Pair and brood numbers
Mann-Whitney U -test for independent samples was used to compare the overall pair and brood densities of all the studied duck species between Maaninka and Evo. Furthermore, as mallard and teal are generalist species and common at both study areas, hence providing sufficient data, their pair and brood densities and brood production between the two areas were compared separately. G -test for goodness-of-fit was used to compare species-specific proportions of brooded and non-brooded pairs in 2017 and 2018 at Evo with those at Maaninka.
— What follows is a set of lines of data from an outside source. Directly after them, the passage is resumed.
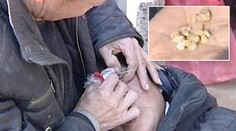 Pláč ženě působí muka: Místo slz brečí kameny! FOTO PRO OTRLÉ
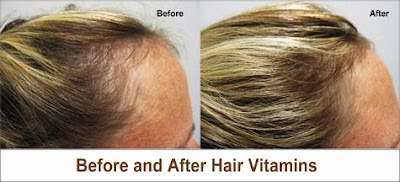 Healthy Hair Vitamins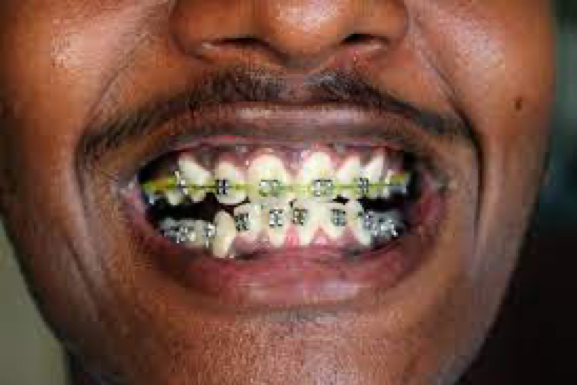 All About Adult Braces - Best Orthodontist NYC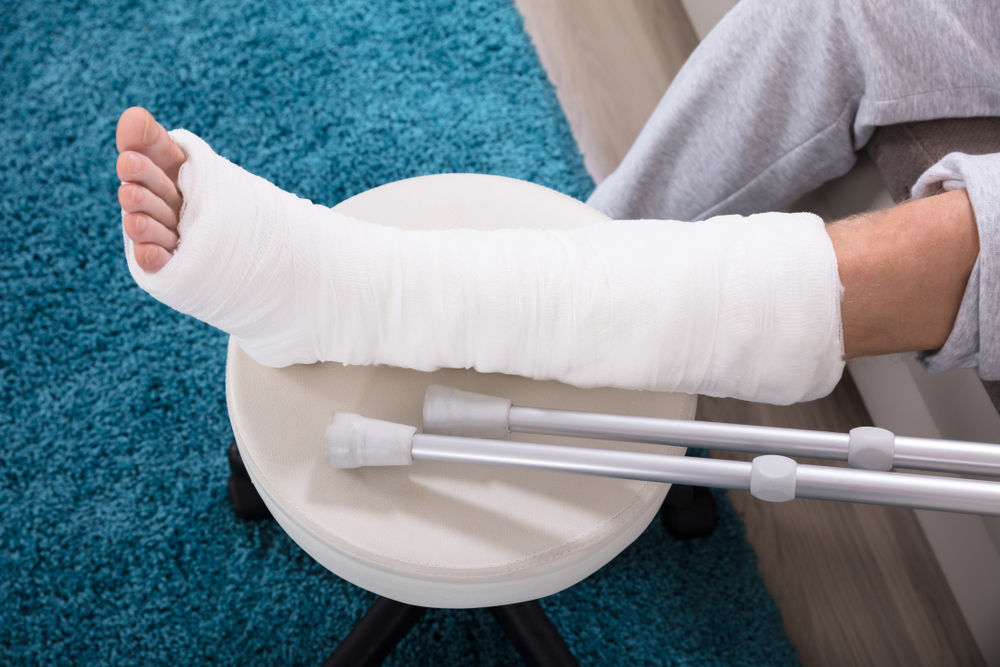 Tips for Patients after Joint Replacement Surgery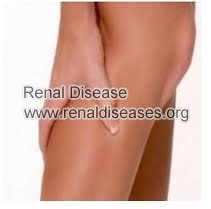 How to Avoid Muscle Cramps When I am On Dialysis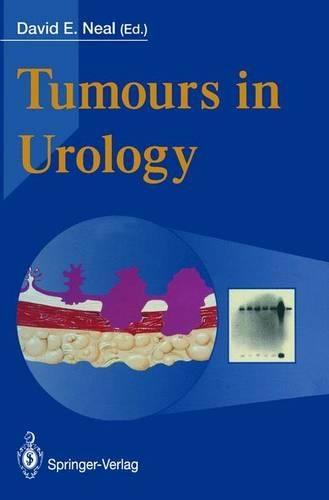 Tumours in Urology: Biology and Clinical Management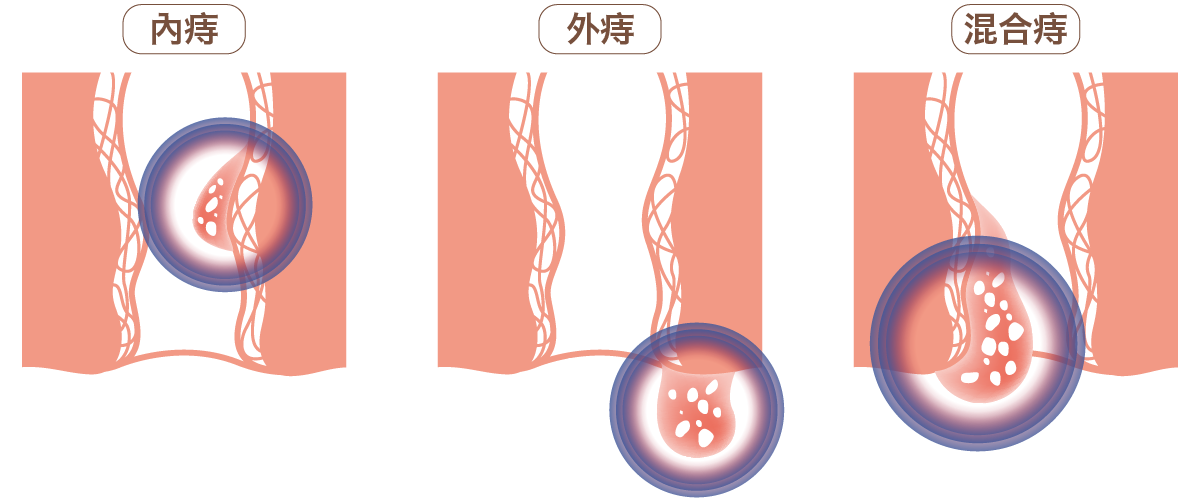 插圖顯示內痔、外痔、混合痔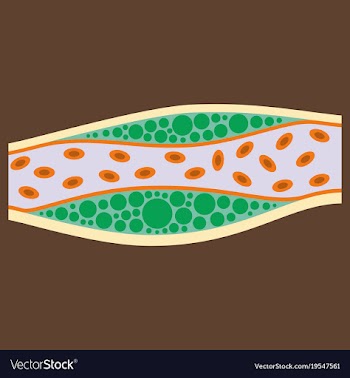 Flat vienna human atherosclerosisthe structure of vector image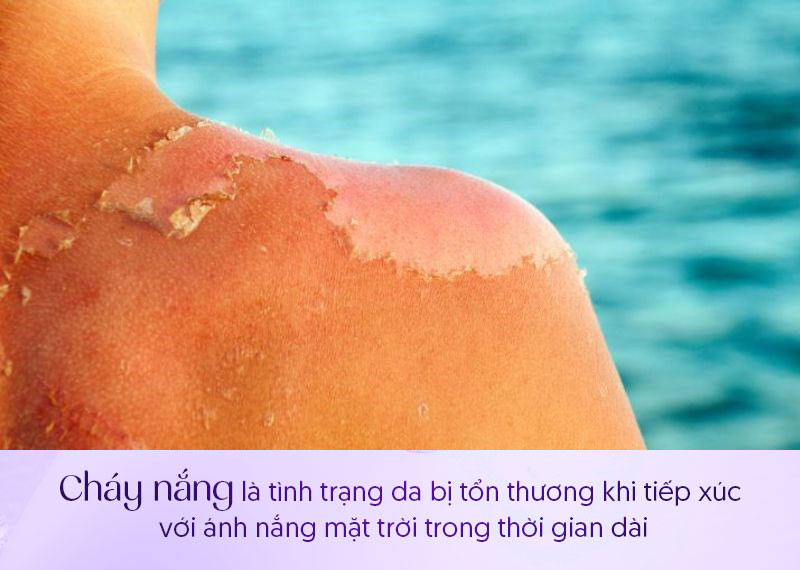 Nám nắng là gì
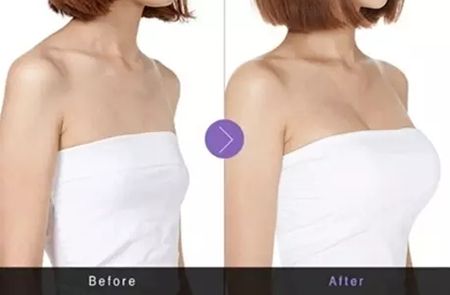 激光祛斑后要注意些什么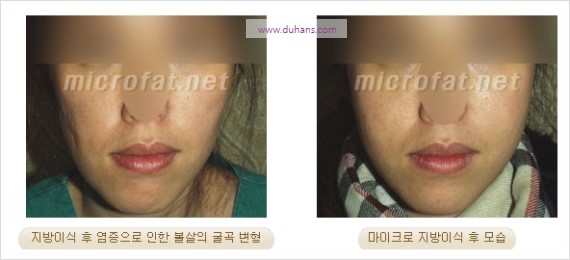 [두한성형외과 경쟁력 지방이식] - [두한 자가지방이식 클리닉 안내]​ 관련 이미지 81
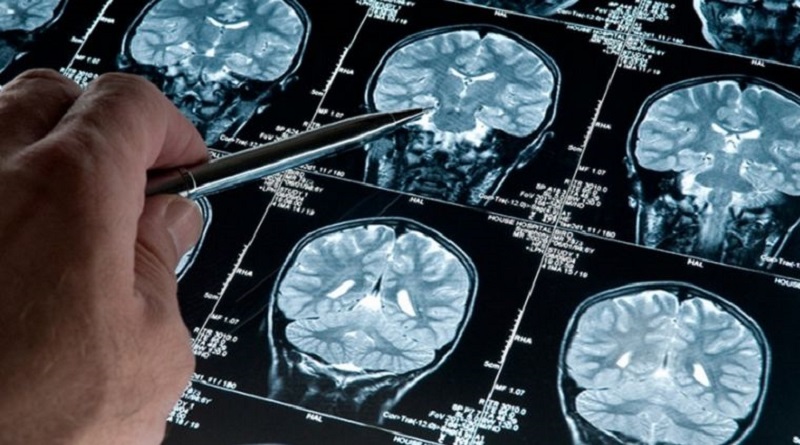Desarrollan en España una IA que precisa el padecimiento de Alzheimer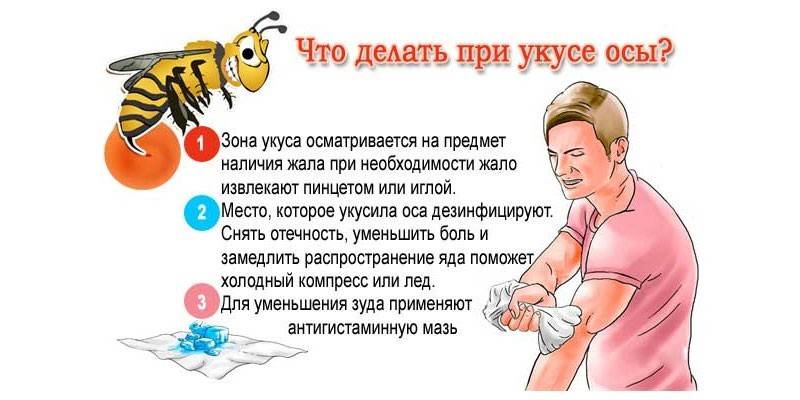 Pirmoji pagalba vapsvų įgėlimui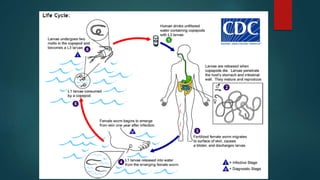 Dracunculus medinensis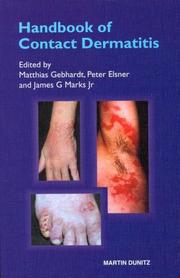 Cover of: Handbook of Contact Dermatitis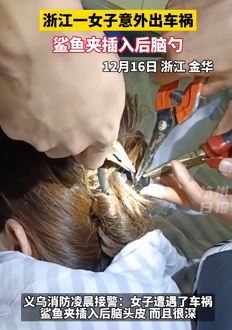浙江一女子出车祸 鲨鱼夹插入后脑勺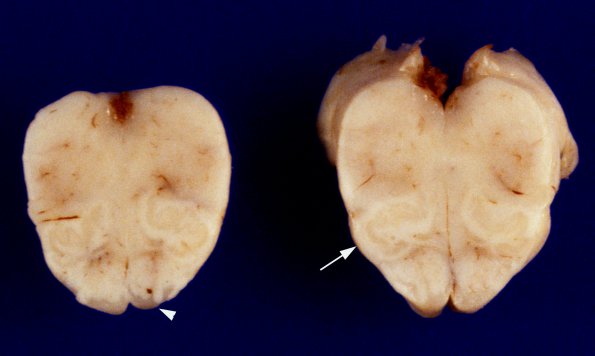 1A9 Zellweger Cerebrohepatorenal Syndrome (Case 1) 12 PMG, dec WM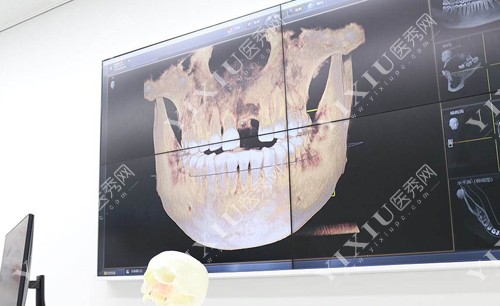 牙缺失口腔医院检查图 牙缺失口腔医院检查图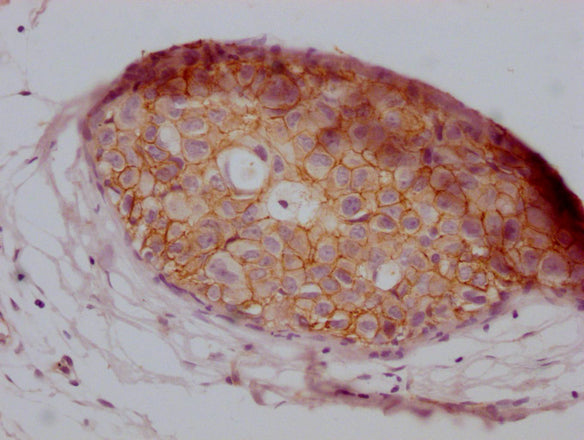 IHC image of CSB-MA907551 diluted at 1:100 and staining in paraffin-embedded human breast cancer performed on a Leica BondTM system. After dewaxing and hydration, antigen retrieval was mediated by high pressure in a citrate buffer (pH 6.0). Section was blocked with 10% normal goat serum 30min at RT. Then primary antibody (1% BSA) was incubated at 4°C overnight. The primary is detected by a Goat anti-mouse IgG polymer labeled by HRP and visualized using 0.05% DAB.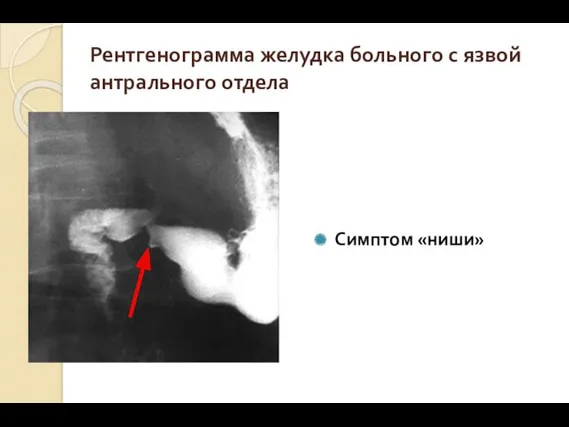 Рентгенограмма желудка больного с язвой антрального отдела Симптом «ниши»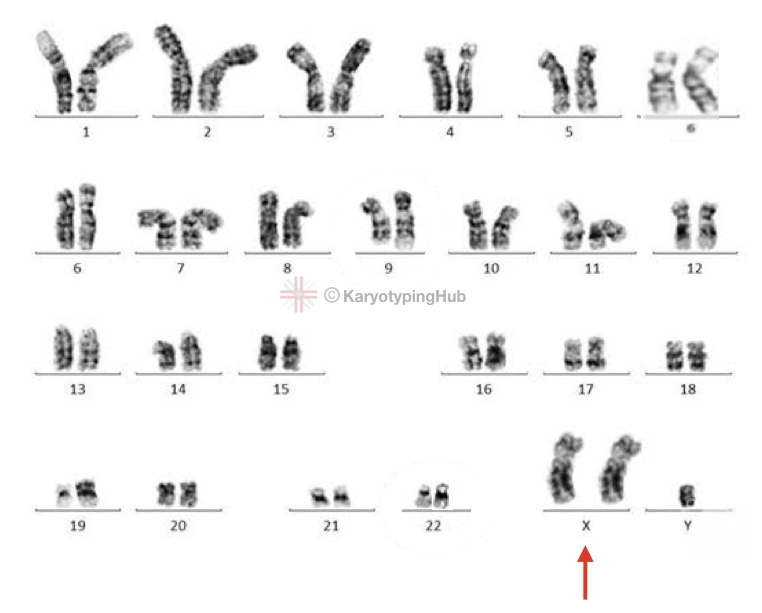 The actual karyotype image of Klinefelter syndrome.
Pair and brood data were zero-inflated, and when exploring the non-zero part, there was still overdispersion. Thus zero-inflated negative binomial models were used to explain variation in the number of pairs and broods using glmmTMB (Brooks et al., 2017). All the analyses were done in R 3.4.0 (R Core Team, 2017) and the data exploration was done by following the protocol by Zuur et al. (2010). Water body size was controlled for by including shoreline length (“SHORE”) as an explanatory variable in all the models. Field percent (“FIELD”) was used to indicate the type of the surrounding landscape around each wetland (1 km buffer around the wetland) in every model. The amount of food (“FOOD”, continuous) and wetland type (“TYPE”, two levels: lake or pond) were used as wetland-level explanatory variables. In addition, pair number (“PAIRS”) was included in the models explaining brood numbers. However, as data exploration revealed that pair number and shoreline length were strongly correlated (Pearson correlation r > 0.6), shoreline length was discarded and the pair number was kept, because the latter should more directly determine possible brood production. Due to the nested structure of the data, wetland ID was entered as random factor. Year effect was excluded because it failed to improve model fit. All possible model combinations were fitted. We chose between the best fitting models by using model specific AIC-values and weights (ΔAIC<2, where Δ = AICi – AICmin) (Burnham & Anderson, 2002). Due to model selection uncertainty, we calculated the model-averaged slopes (β-values) of the variables weighted by the Akaike weights and their unconditional standard errors and 95% unconditional confidence intervals; all models in the candidate set were used (see Burnham & Anderson, 2002).